5.3. Recording Conditions Consideration and Bird Species in the Database

Due to the different sound qualities of the recordings, the collected records do not have a specific recording condition (even among records of individuals of the same bird species). In this context, the proposed algorithm can verify an individual regardless of the difference in the recording conditions (a common condition in field recordings).

There was not biological consideration about the selection of the bird species in the database. This lack of consideration may introduce biases; therefore, in future work, it could be interesting to adopt some more objective criteria at the selection of bird species.

5.4. Application Areas

It is still not well understood if the capture of an individual is dangerous to the habitat; in any case, the health of the birds is paramount. Therefore, non-invasive, passive methods are to be preferred (to avoid the common problems of capture such as the stress or death of the individuals) [5,9]. On the other hand, as mentioned in the Introduction, obtaining a large amount (and high quality) of vocalizations from an individual to apply the statistical methods efficiently is nowadays a complex challenge. In this context, the proposed algorithm can provide an identification evaluation by only analyzing two samples from individuals (a limited data condition), implying a time-cost reduction and a new easy way to monitor biodiversity. Although the proposed method does not extract the same features as those from a captured individual, it is a non-invasive method for individual identification that, in addition to the application in counting, could be used to determine the dispersion of the habitats and the mapping of the territories.

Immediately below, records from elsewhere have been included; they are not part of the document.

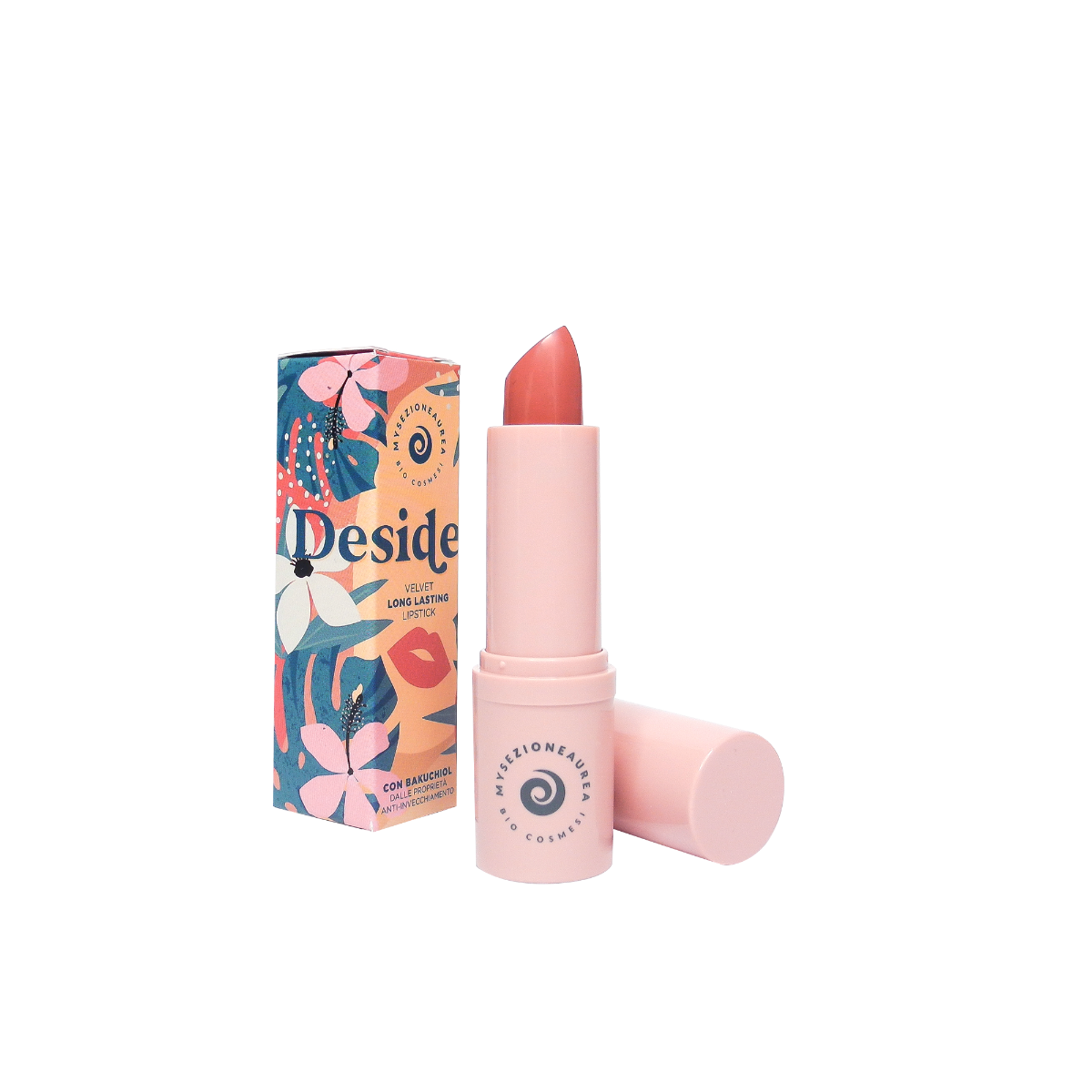 COTIDIA Rossetto Long Lasting - DESIDERIA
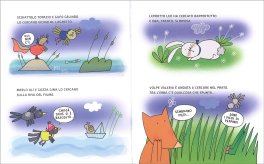 Pino Peppino Aspirante Albero di Natale — Libro - 3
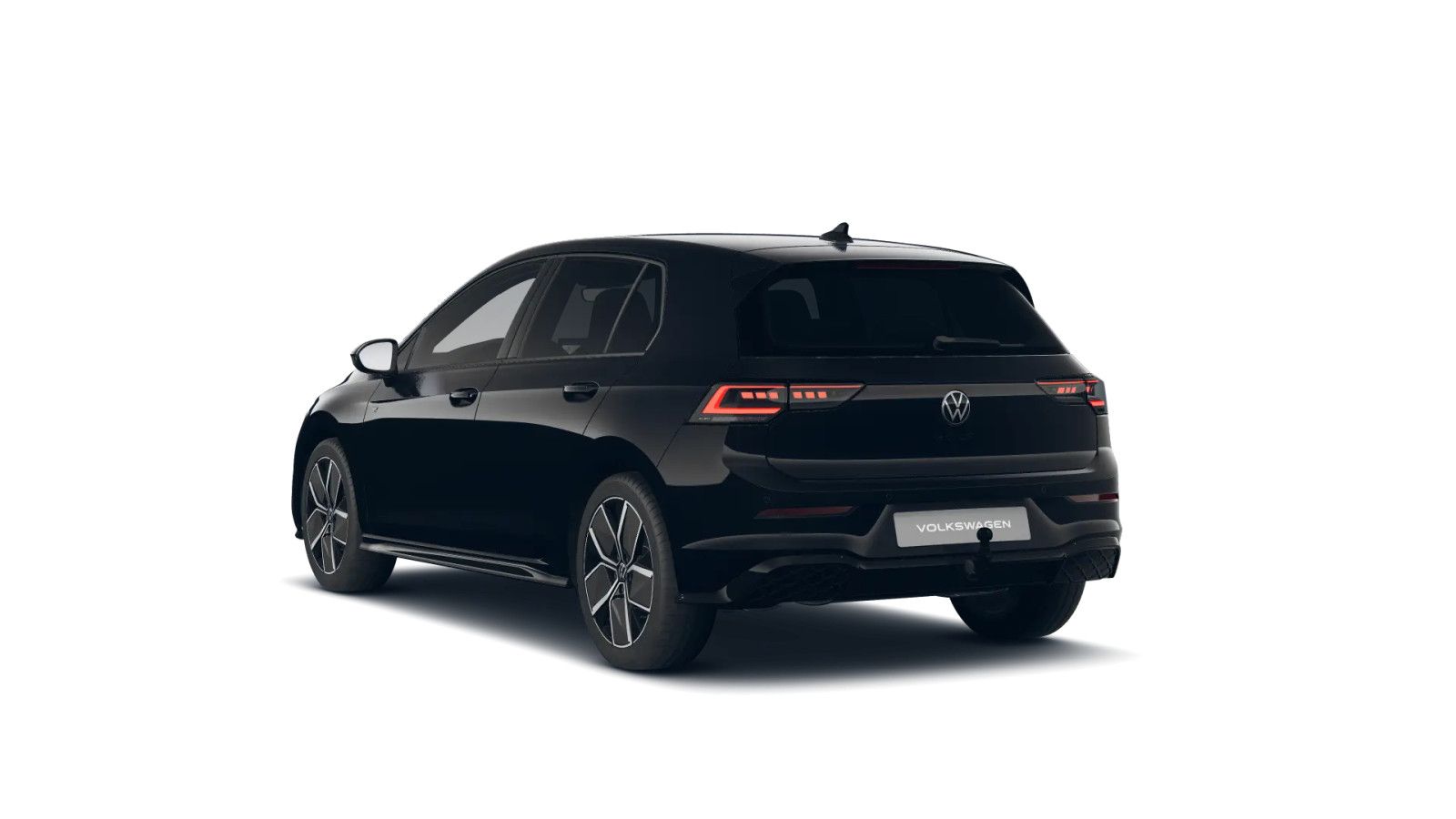 Volkswagen Golf - Bild 4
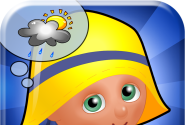 Seasons and Weather ! Science educational games for kids in Preschool and Kindergarten by i Learn With
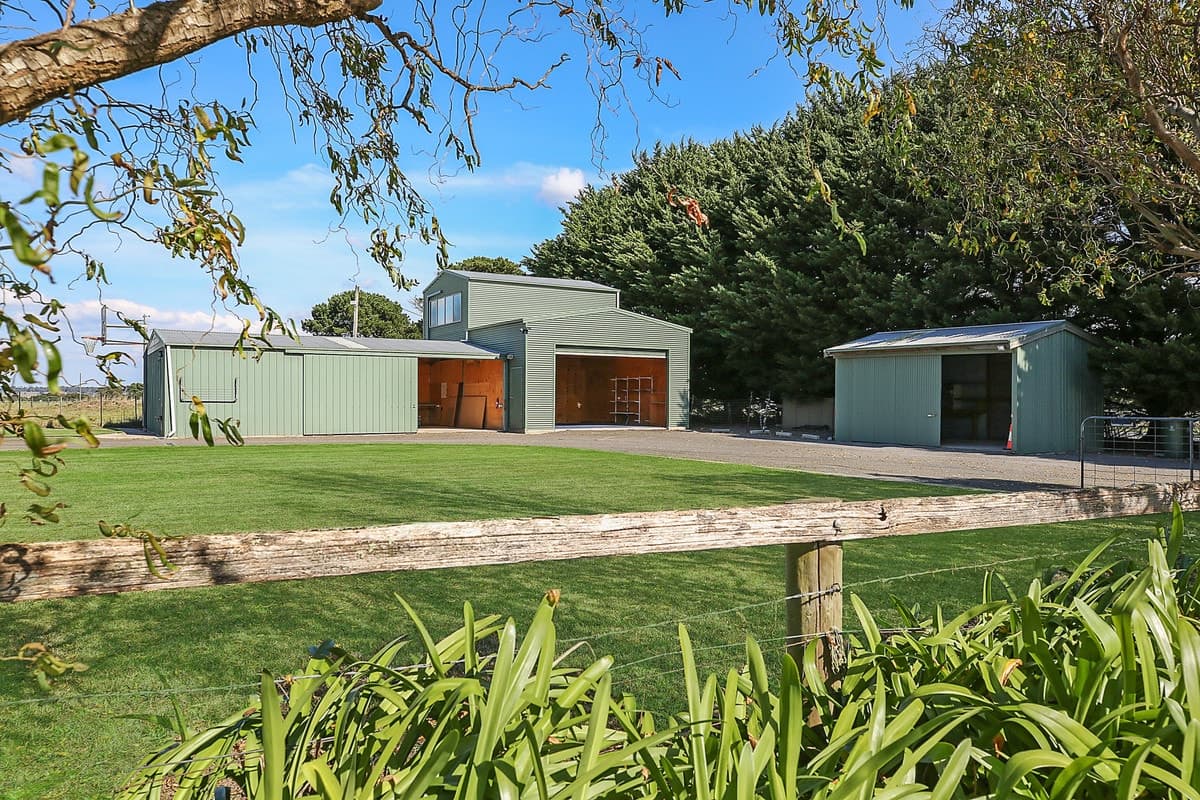 715 Colac-Forrest Road, Warncoort, VIC, Warncoort - Thumbnail 4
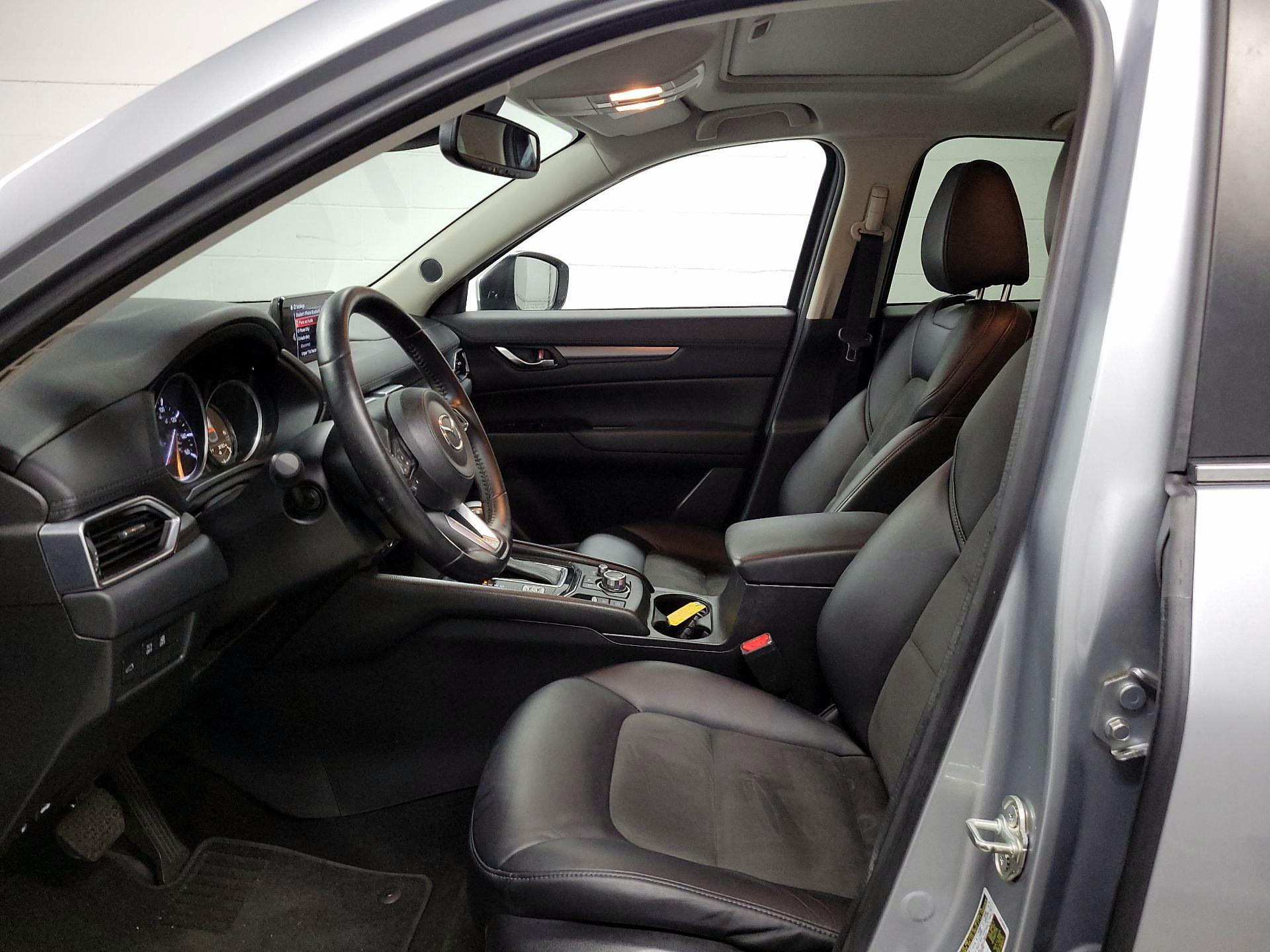 Thumbnail: 2018 Mazda CX-5 - 11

Due to the particular skills of experienced observers, it is recommendable that only these qualified observers participate in biodiversity monitoring programs (to guarantee reliability on the data) [5]. Although this is the desired condition, there is often a lack of available qualified observers mainly because of the amount of time consumed by the identifications [7]. On the other hand, training new observers requires from two to three weeks in an intensive program (depending on the number of species to be identified) [9]. The acoustic identification of birds has shown greater efficiency than visual identification, especially because acoustic identification maximizes the visual observations [7]. For that reason, to increase the efficiency of identifications, it is recommended to combine visual and acoustic identification techniques. In this context, the proposed semi-automatic identification algorithm could be used as a valuable tool that can be applied together with traditional counting techniques. Since it is based on the identification of patterns in the spectrogram, the methodology could be used for the training of new observers and to help experienced observers with the reliability of avian counts through the search methodologies.

6. Conclusions

Based on the BLPOC function as an efficient method traditionally used in human identification by image matching, in this paper, a new technique for the acoustic individual identification in birds is proposed. Although many methods can provide bird species identification, the proposed method focuses on the individual identification. The results support the proposed algorithm as a method for the acoustic individual identification that can provide an identification evaluation by only analyzing samples from individuals. Two different methods for the identification are presented, depending on the structure of the vocalization extraction. From the results, it can be concluded that the efficiencies of the algorithm depend on the complexity of the vocalizations. Although complexity of vocalization is the only term used in this paper, it could represent a fair comparison method for bioacoustic algorithms due to the variability of sounds produced by birds (and future work may determine a better metric to determine which sounds are complex and which are not complex). In addition to the individual identification, the acoustic identification technique proposed could be used together with traditional counting techniques to determine the dispersion of the habitats and the mapping of the territories.